(Crawled caption data)
#####

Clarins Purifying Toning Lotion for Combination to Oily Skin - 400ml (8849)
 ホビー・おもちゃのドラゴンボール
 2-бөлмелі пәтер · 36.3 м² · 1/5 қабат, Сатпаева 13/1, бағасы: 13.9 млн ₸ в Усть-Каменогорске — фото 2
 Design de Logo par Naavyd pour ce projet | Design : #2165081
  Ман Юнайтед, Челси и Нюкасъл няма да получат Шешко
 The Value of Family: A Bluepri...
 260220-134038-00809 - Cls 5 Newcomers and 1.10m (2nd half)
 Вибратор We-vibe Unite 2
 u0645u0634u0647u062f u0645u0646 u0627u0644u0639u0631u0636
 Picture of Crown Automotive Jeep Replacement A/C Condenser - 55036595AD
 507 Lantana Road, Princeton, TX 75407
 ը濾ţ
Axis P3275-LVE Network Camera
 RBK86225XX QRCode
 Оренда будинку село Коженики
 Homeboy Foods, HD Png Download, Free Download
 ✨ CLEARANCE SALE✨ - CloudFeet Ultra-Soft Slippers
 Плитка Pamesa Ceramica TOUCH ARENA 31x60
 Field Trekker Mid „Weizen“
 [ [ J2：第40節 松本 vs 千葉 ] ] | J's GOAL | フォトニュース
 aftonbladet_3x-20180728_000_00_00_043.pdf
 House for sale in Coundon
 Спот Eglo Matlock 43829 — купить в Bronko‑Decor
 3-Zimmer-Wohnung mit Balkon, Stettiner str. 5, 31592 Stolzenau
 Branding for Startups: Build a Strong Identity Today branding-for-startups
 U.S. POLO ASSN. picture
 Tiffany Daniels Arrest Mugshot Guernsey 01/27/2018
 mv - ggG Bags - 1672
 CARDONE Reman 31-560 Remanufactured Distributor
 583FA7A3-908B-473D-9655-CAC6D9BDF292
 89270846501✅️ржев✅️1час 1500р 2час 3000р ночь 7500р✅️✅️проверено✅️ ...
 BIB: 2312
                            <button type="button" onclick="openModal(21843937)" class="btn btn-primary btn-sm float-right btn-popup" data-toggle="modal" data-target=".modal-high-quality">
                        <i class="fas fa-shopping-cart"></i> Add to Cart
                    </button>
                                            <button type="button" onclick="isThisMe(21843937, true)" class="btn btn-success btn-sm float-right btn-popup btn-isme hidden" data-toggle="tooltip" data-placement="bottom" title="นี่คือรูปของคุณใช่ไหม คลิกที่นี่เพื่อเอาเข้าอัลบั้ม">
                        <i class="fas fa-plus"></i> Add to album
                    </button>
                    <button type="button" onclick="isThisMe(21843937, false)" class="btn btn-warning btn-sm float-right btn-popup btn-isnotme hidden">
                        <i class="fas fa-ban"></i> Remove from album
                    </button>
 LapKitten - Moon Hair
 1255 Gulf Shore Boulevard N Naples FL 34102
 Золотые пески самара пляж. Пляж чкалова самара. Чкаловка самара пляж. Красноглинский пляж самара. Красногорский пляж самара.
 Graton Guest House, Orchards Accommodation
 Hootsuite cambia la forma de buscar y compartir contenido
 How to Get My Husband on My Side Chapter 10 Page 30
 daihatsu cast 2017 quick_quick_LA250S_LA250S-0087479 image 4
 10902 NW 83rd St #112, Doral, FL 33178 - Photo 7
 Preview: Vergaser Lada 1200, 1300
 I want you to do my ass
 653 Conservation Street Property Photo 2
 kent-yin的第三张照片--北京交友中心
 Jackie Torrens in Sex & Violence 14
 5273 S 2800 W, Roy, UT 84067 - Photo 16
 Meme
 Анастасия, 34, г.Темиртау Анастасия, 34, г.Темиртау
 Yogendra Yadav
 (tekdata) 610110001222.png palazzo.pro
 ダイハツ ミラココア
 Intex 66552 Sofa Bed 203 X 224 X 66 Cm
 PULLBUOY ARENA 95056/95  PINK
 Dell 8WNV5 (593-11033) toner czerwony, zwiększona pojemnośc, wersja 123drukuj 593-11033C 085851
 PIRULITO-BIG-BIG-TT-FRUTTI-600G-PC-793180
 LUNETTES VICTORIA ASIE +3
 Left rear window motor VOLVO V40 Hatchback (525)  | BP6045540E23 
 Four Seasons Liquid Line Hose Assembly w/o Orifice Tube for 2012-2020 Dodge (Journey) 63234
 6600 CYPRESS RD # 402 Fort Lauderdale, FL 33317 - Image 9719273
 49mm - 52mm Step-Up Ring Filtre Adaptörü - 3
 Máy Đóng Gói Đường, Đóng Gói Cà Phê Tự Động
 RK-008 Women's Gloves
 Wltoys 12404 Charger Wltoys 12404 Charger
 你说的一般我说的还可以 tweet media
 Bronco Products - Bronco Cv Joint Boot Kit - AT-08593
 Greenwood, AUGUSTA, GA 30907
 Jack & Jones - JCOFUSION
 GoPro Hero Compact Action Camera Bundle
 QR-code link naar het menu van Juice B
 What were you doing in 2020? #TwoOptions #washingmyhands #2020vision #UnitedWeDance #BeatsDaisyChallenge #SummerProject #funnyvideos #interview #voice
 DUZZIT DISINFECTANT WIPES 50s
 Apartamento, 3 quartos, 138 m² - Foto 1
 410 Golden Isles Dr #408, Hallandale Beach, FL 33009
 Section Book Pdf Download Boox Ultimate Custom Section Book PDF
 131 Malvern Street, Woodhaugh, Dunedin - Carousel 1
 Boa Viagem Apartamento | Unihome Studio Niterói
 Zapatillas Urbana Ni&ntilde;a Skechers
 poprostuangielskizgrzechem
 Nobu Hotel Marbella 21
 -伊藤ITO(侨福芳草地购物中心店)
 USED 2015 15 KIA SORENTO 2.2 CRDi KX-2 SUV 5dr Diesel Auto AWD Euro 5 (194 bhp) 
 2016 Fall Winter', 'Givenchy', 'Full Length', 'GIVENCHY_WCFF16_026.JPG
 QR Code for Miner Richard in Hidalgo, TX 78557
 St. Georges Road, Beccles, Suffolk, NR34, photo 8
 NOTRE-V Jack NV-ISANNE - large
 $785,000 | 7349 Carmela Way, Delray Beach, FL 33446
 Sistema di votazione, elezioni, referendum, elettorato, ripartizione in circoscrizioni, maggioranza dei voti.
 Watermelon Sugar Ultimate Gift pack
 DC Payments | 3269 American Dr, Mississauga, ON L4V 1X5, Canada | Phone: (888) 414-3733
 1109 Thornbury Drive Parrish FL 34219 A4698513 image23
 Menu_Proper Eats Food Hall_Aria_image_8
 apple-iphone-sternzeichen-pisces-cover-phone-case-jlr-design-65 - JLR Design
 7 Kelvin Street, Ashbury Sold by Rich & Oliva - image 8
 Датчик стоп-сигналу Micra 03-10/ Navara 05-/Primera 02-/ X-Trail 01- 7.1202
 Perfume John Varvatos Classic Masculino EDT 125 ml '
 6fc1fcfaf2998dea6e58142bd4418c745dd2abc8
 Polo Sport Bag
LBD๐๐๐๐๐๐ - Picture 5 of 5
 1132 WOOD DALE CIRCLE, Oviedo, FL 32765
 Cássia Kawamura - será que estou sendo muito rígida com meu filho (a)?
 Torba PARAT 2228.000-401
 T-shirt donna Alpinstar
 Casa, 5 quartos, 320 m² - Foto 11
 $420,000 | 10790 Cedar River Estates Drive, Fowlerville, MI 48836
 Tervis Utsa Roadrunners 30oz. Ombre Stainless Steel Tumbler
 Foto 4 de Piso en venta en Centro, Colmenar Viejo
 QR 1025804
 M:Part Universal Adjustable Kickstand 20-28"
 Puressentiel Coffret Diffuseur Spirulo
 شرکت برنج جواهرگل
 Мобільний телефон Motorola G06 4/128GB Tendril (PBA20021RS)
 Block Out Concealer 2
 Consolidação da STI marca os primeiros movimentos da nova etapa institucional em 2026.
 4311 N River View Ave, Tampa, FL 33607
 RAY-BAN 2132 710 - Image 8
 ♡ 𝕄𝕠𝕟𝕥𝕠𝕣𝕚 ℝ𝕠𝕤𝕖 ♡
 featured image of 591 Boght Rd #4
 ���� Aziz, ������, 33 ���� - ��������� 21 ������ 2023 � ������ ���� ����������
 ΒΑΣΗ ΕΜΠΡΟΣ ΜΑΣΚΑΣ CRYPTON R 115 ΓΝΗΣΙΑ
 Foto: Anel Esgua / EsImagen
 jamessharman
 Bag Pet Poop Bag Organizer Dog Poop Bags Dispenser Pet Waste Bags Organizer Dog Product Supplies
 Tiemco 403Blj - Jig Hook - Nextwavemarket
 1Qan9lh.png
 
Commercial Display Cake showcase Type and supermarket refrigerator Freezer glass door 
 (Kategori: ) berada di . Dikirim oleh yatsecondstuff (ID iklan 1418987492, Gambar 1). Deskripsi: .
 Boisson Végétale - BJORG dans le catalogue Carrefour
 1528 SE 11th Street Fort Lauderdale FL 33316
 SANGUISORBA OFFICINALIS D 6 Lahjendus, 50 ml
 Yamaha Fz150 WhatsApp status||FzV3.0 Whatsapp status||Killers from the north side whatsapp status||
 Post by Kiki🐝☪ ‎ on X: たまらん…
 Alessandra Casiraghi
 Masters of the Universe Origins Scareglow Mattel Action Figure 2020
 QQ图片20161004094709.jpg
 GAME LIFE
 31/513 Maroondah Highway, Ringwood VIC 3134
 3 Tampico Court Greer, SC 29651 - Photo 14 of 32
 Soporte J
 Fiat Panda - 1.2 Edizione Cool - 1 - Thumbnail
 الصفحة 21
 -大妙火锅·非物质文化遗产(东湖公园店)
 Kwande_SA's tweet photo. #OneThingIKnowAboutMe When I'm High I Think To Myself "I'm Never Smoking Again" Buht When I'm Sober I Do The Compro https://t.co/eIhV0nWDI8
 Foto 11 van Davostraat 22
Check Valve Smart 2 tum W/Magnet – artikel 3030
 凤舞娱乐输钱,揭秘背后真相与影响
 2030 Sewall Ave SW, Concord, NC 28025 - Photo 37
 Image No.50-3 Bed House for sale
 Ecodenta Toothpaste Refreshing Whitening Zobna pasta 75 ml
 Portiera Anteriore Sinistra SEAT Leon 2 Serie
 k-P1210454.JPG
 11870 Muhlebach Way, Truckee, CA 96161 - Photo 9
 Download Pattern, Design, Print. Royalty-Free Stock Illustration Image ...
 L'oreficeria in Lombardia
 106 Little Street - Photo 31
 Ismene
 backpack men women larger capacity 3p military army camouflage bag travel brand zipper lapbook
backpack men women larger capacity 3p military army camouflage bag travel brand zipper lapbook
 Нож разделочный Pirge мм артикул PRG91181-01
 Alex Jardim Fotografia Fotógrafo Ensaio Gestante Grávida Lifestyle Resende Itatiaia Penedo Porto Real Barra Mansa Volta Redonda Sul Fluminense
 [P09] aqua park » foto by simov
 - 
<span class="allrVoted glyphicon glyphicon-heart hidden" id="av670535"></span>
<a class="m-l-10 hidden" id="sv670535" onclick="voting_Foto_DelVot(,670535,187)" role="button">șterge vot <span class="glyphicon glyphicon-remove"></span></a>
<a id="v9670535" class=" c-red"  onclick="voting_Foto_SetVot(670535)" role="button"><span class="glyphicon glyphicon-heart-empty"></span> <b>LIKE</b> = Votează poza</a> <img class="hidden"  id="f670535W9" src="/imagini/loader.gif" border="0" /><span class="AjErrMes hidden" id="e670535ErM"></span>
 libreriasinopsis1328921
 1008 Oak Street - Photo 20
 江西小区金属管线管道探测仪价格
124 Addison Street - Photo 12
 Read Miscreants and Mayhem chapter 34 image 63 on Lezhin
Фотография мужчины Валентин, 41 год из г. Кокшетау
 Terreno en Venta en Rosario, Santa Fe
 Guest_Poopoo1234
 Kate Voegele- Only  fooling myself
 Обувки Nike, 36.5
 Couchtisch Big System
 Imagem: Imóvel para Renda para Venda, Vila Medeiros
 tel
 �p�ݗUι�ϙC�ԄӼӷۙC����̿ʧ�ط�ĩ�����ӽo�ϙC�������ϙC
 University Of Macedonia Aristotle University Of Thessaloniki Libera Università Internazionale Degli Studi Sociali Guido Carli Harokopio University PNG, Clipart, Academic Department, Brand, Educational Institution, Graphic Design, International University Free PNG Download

#####

WORK INSTRUCTION:
Retype exactly the lines above, from the one with "Fiat Panda - 1.2" through the one with "Ecodenta Toothpaste Refreshing", inclusive.

TASK SOLUTION:
 Fiat Panda - 1.2 Edizione Cool - 1 - Thumbnail
 الصفحة 21
 -大妙火锅·非物质文化遗产(东湖公园店)
 Kwande_SA's tweet photo. #OneThingIKnowAboutMe When I'm High I Think To Myself "I'm Never Smoking Again" Buht When I'm Sober I Do The Compro https://t.co/eIhV0nWDI8
 Foto 11 van Davostraat 22
Check Valve Smart 2 tum W/Magnet – artikel 3030
 凤舞娱乐输钱,揭秘背后真相与影响
 2030 Sewall Ave SW, Concord, NC 28025 - Photo 37
 Image No.50-3 Bed House for sale
 Ecodenta Toothpaste Refreshing Whitening Zobna pasta 75 ml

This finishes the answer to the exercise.